Whisky by Aeneas MacDonald
Author:Aeneas MacDonald
Language: eng
Format: epub
Publisher: Birlinn
One of a set of six contemporary postcards satirising the work of the experts of the Royal Commission on Whiskey. Thomson’s mother was a staunch temperance advocate but, more than one hundred years on, the image bears a striking resemblance to a well-known whisky writer!
As the century progressed, however, it became obvious that these definitions could not be adhered to. By the ’70s it could no longer be concealed that much of the barley used in making Scotch whisky was grown abroad. This was a grave breach with tradition, for as early as 1703 the bailies of Strath Spey decreed that aqua vitae was to be brewed only from malt grown in the locality.
The introduction of patent-still distilling had an even more disturbing effect in the art of whisky-making. For if a patent-still spirit was a whisky, then where was the line to be drawn? Only by wresting the name ‘whisky’ violently from its earlier, well-established meaning could it be applied to the neutral, ‘silent’, flavourless product of the patent-still. Adam Young in his Distillery Instructions18 refuses the name whisky to patent-still spirits; as late as 1890 it was widely and authoritatively denied.

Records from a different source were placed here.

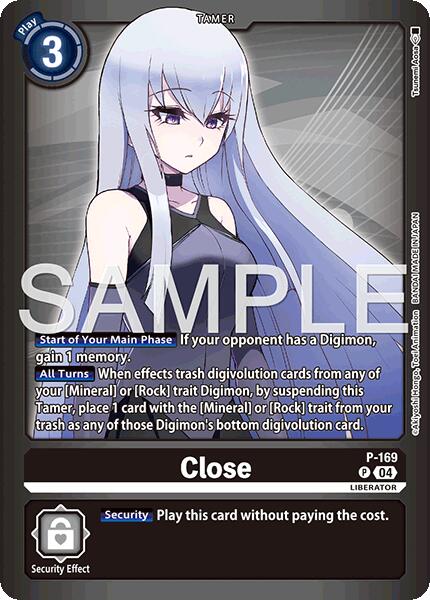 Close [P-169] (Limited Card Pack -Billion Bullet-) [Limited Card Pack -Billion Bullet-] | Total Play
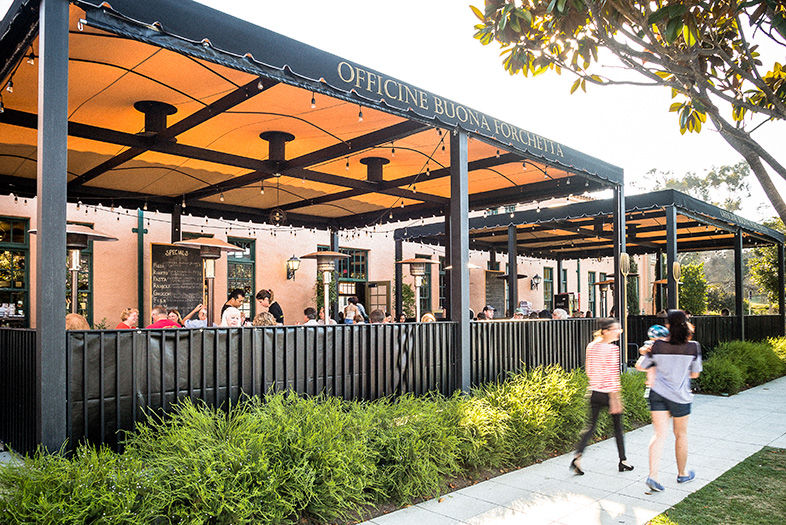 Officine Buona Forchetta Lives and Stalls by Simplicity at Liberty Station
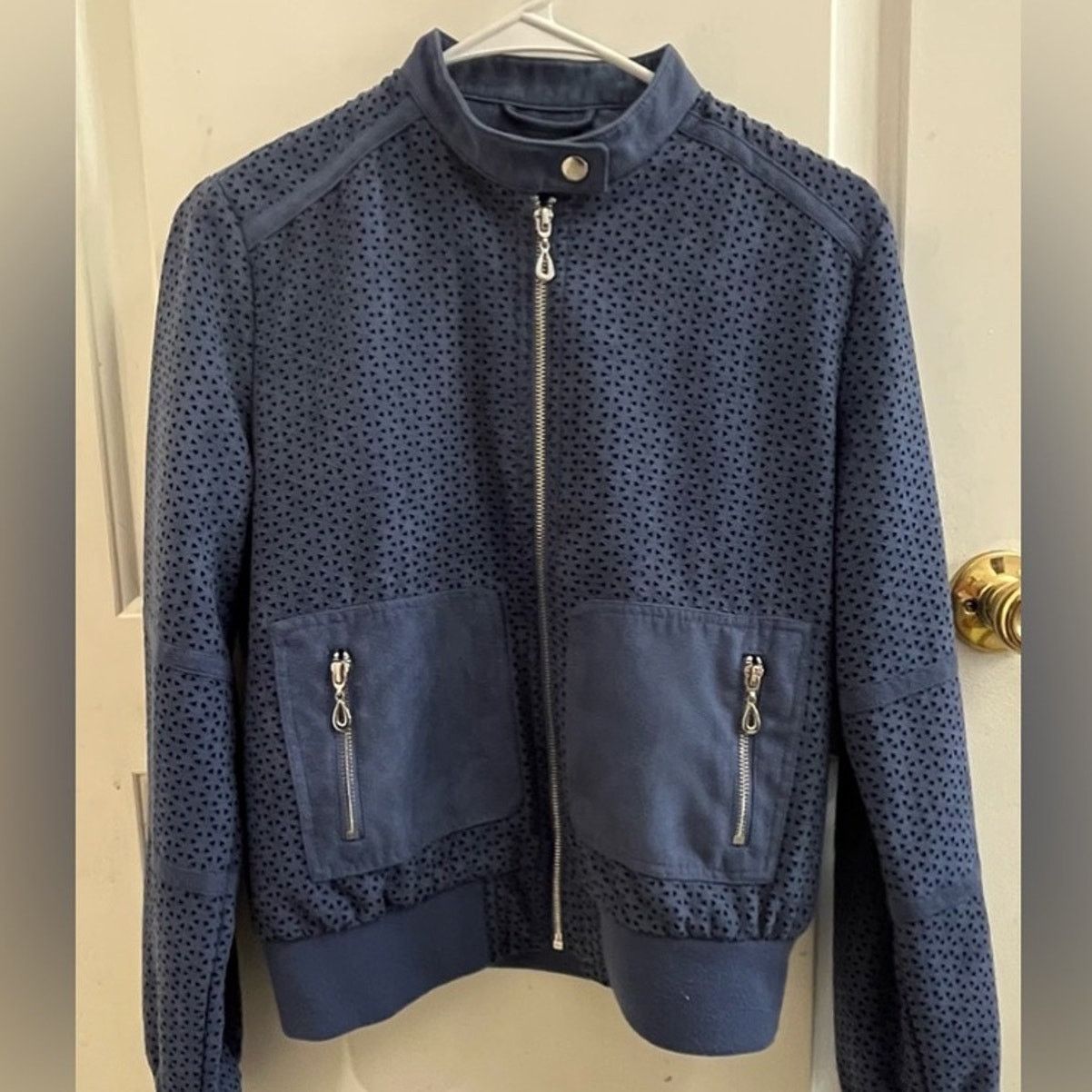 Kenneth Cole Kenneth Cole new york Jacket size small casual work motor Size S / US 4 / IT 40 - 1 Thumbnail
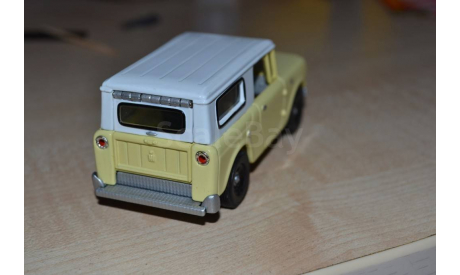 INTERNATIONAL SCOUT 80 4X4 1961, масштабная модель, 1:43, 1/43, MATCHBOX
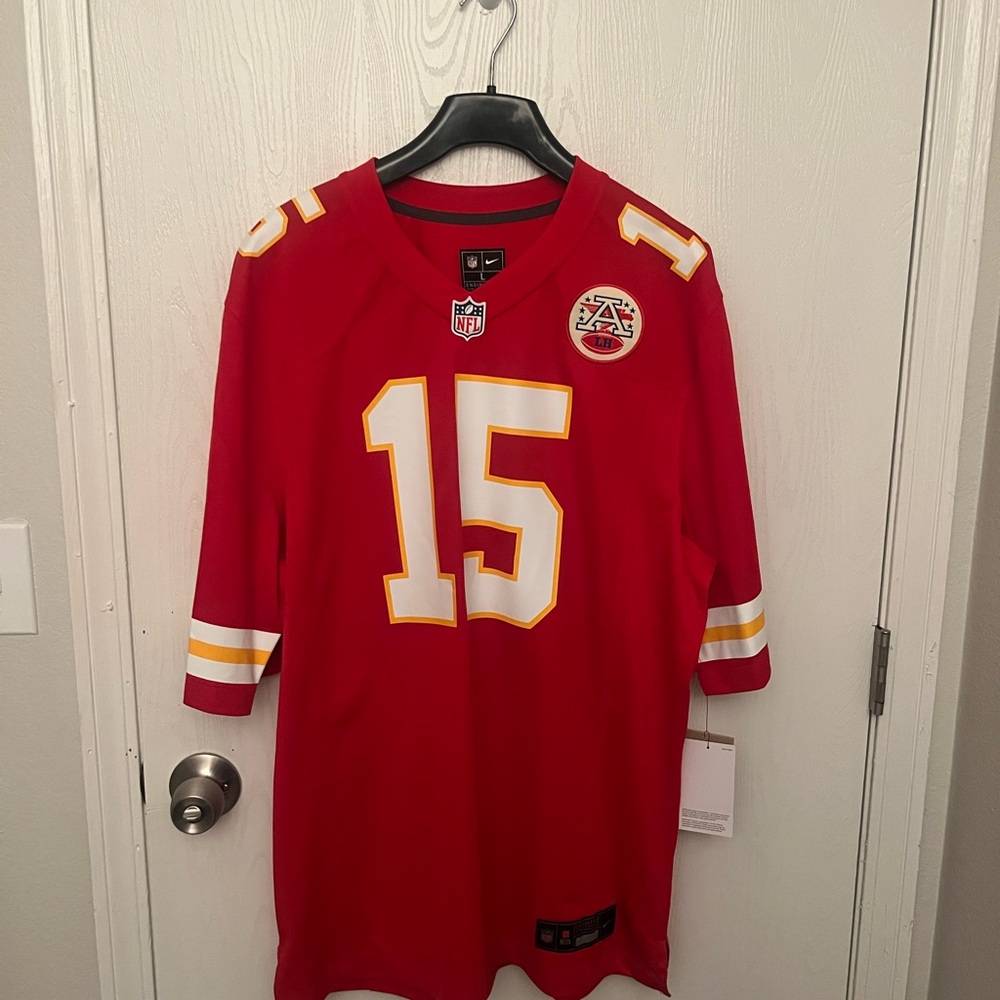 Chiefs Nike Red NFL Jersey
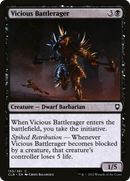 Vicious Battlerager (CLB-155) [Commander Legends: Battle for Baldur's Gate]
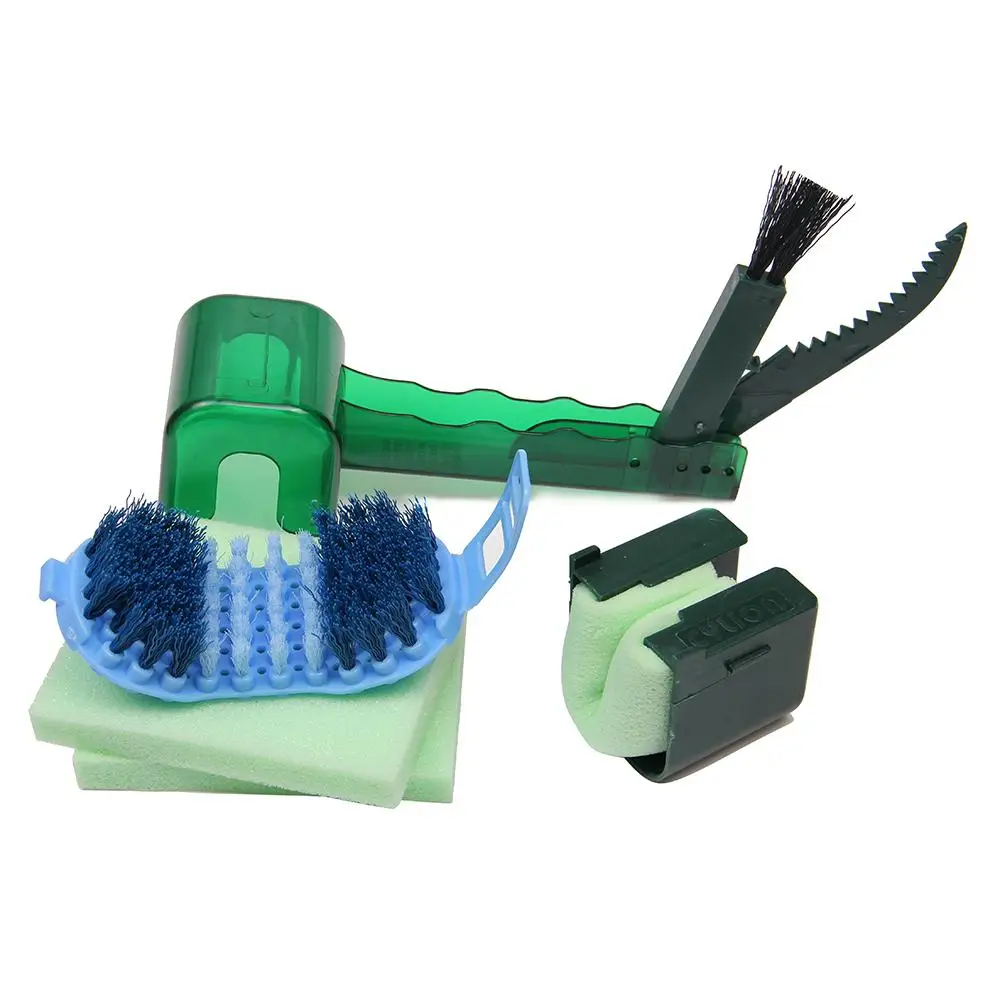 Cylion Cycling Portable Bike Bicycle Multifunction Chain Cleaner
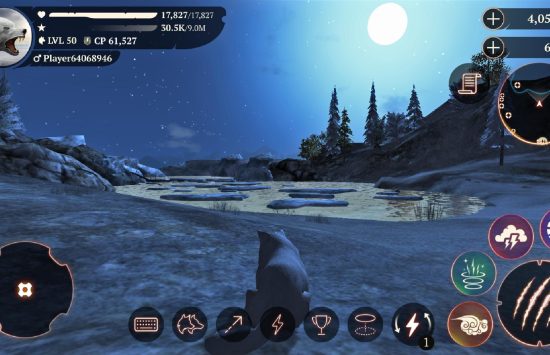 Game screenshot The Wolf cheat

But the Royal Commission on Whiskey of 1908–1909 opened the dykes to the invading floods of patent-still spirit by defining whisky as ‘a spirit obtained by distillation from a mash of cereal grain, saccarified by the diastase of malt.’ This was comprehensive enough, and sweeping enough. It made no distinction between Scotch and Irish whiskies; it did not stipulate that the grain or malt should be home grown; it did not specify that pot-stills alone were to be used; it did not mention Scotch whisky’s true character as a distillate of a wort made from malt. As one commentator19 has sardonically observed, it was at least something that beetroot, potatoes, and sawdust were eliminated. They may have been by the sagacious Commission but at least one of them, potatoes, is mentioned in an exhibit at the Science Museum, South Kensington, as a source from which whisky can be obtained!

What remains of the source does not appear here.